現在、社長を含む子供3人がカプコンで働いています。どのような考えから3人とも入社させたのでしょうか。
辻本:息子3人のうち、長男は社長を務めている。彼は10歳ごろから、それこそカプコンが町工場みたいな小さな会社だったころから手伝いに来ていた。
足でゲーム操作する三男
次男はグループの資産管理会社の社長です。家にインベーダーゲームの機械を置いていたが、三男は幼稚園の頃から足だけで操作できるんや。彼は今、「モンスターハンター(モンハン)」シリーズのプロデューサーを務めている。
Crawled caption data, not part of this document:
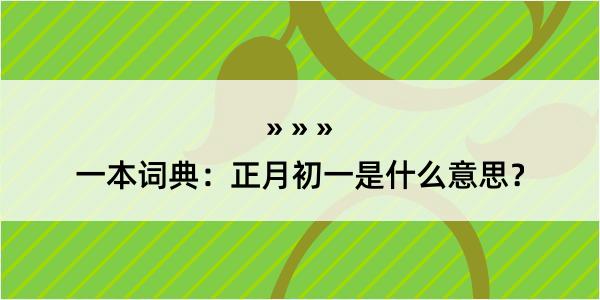 一本词典：正月初一是什么意思？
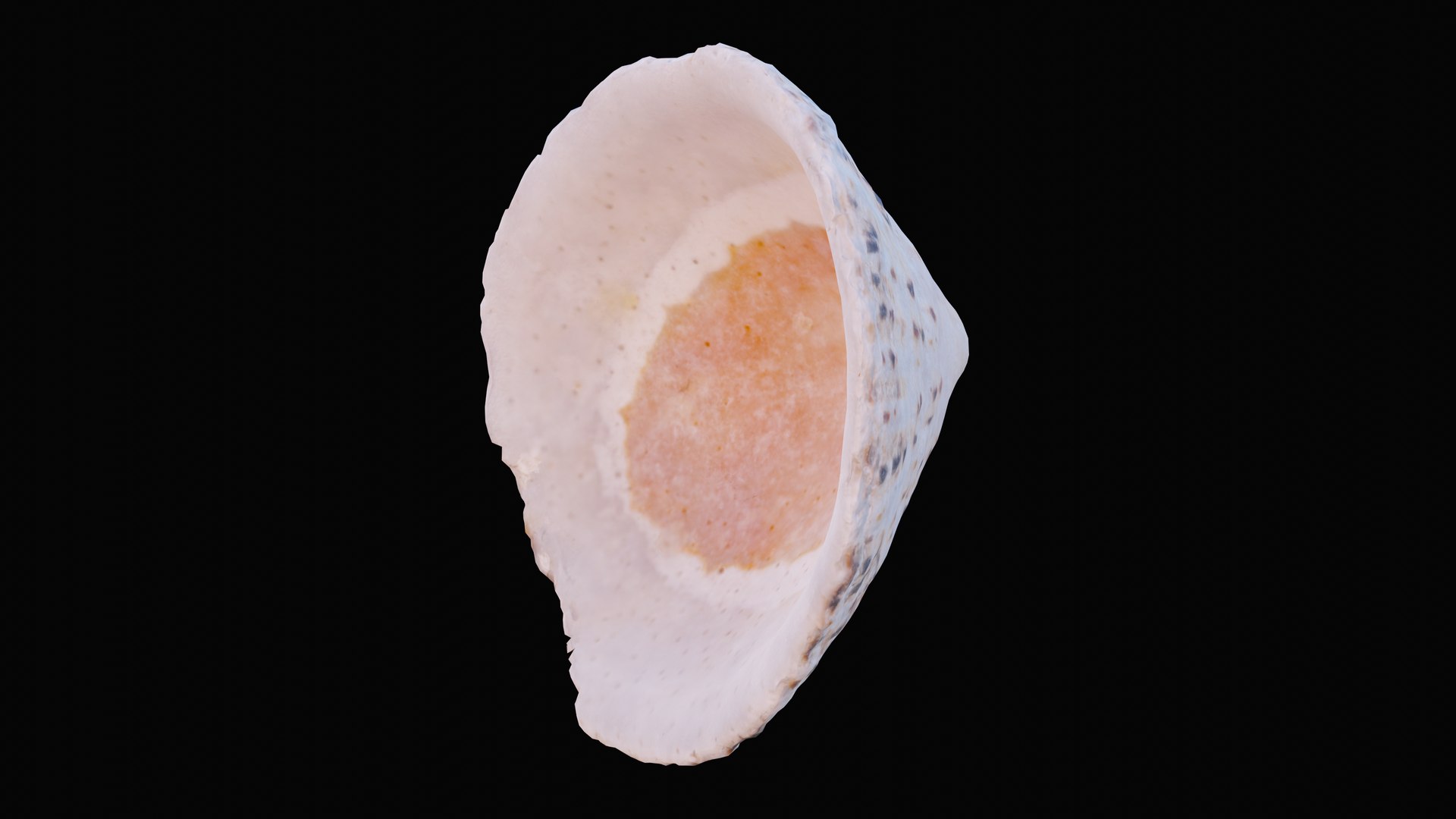 sea limpet shell 3D model https://p.turbosquid.com/ts-thumb/jS/ibvv0x/OUgXMztb/1599050602422_turntable_5_blackbg/png/1601323648/1920x1080/fit_q87/dad0ebda4f3524ff104167c01b2702ac5db8bc27/1599050602422_turntable_5_blackbg.jpg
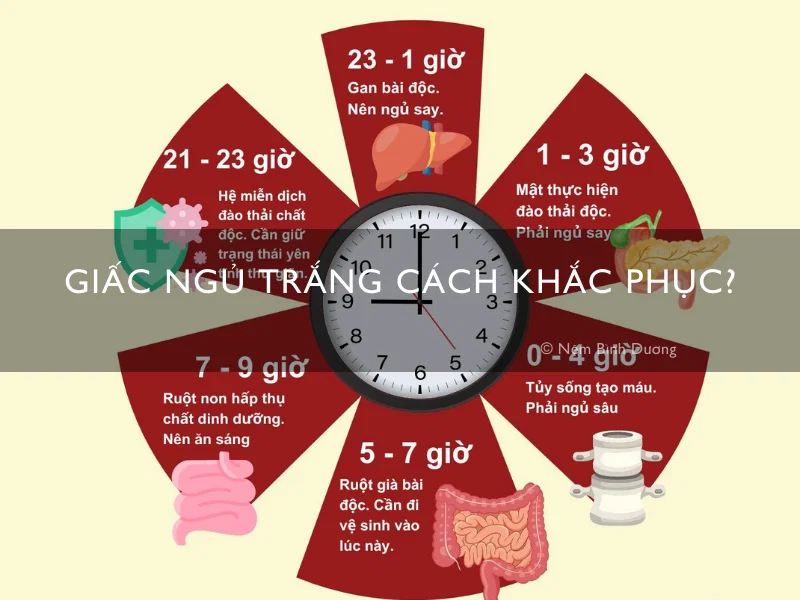 Cách hoạt động của đồng hồ sinh học giấc ngủ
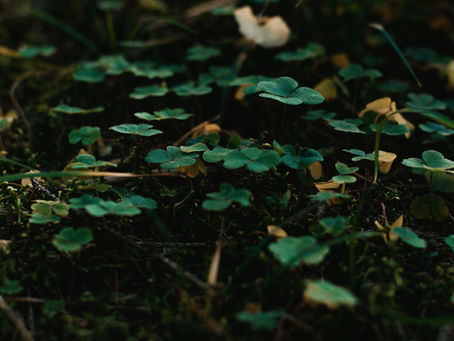 Marktäckare, en låg och tätt växt.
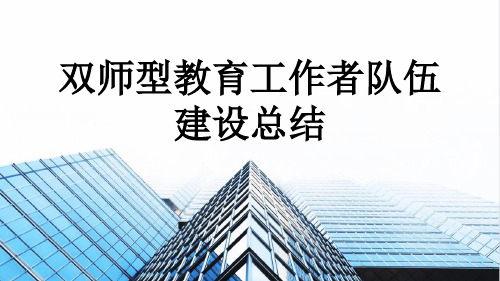 双师型教育工作者队伍建设总结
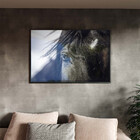 Quadro Decorativo Animais Horse Eye Com Moldura E Vidro Preto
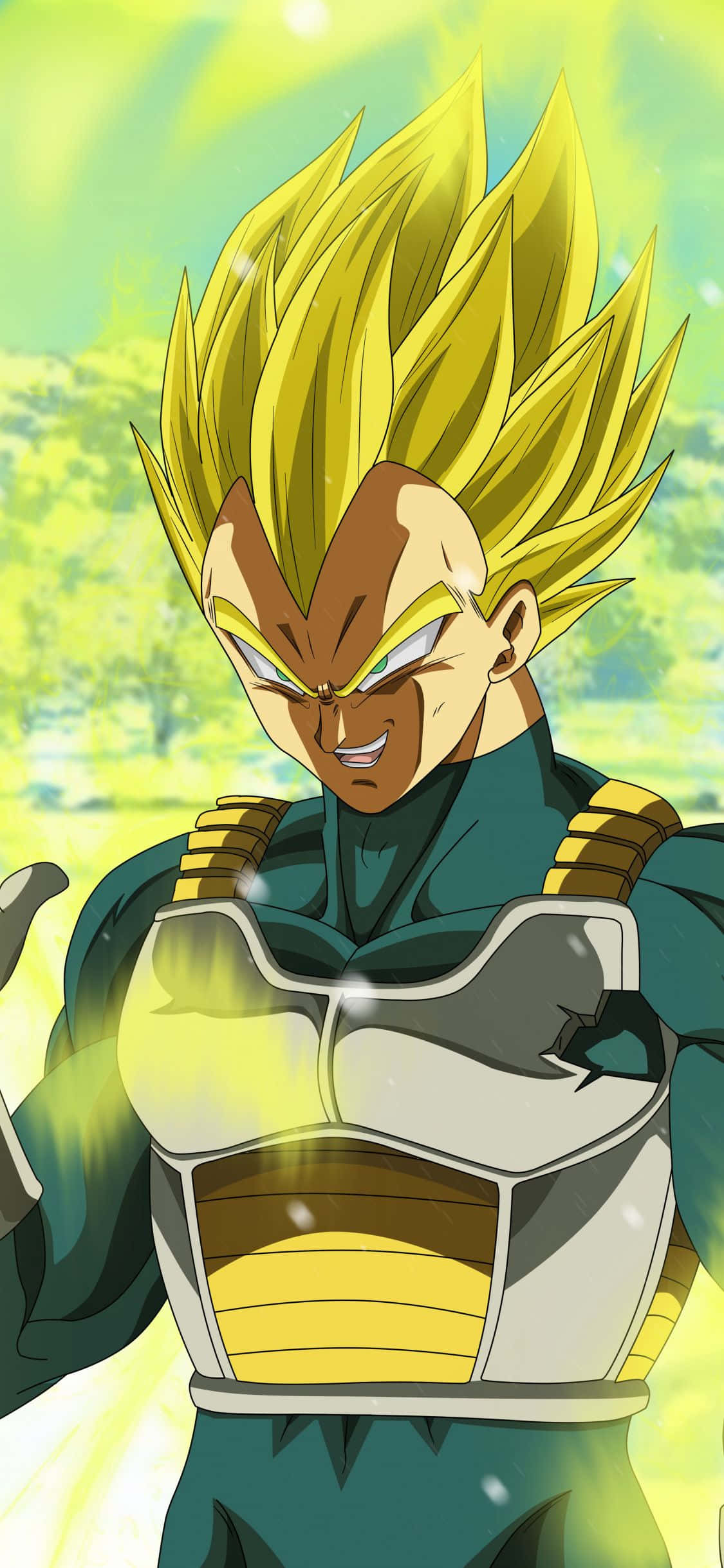 Vegeta Super Saiyan 2, spiky golden hair, glowing aura, Full HD Phone Wallpaper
子供たちは家で商売を手伝いながら学校に通っていた。だから商売のことを誰よりも知っている。入社するのが自然だろう。
血の分けた子供だからという理由よりも、事業のゲームのことを誰よりも知っているから継承したということでしょうか。
辻本:そうやな。私が50年ちかく会社をやってきたのを一番近くで見ている。おカネ出して良い学校に行かしたるからという世界ではなく、ずっとゲームを見させてきた。長男で40年見ています。それこそゲームが体に染みついているんやな。
カプコンの設立当初から子供たちに継がせることを考えていたのでしょうか。
辻本:家業やからね。ましてや日本の男の子は嫌いじゃないですよ、ゲーム。幼稚園の頃からやっている。だから無理強いしなくても自然と体に染み込むことになった。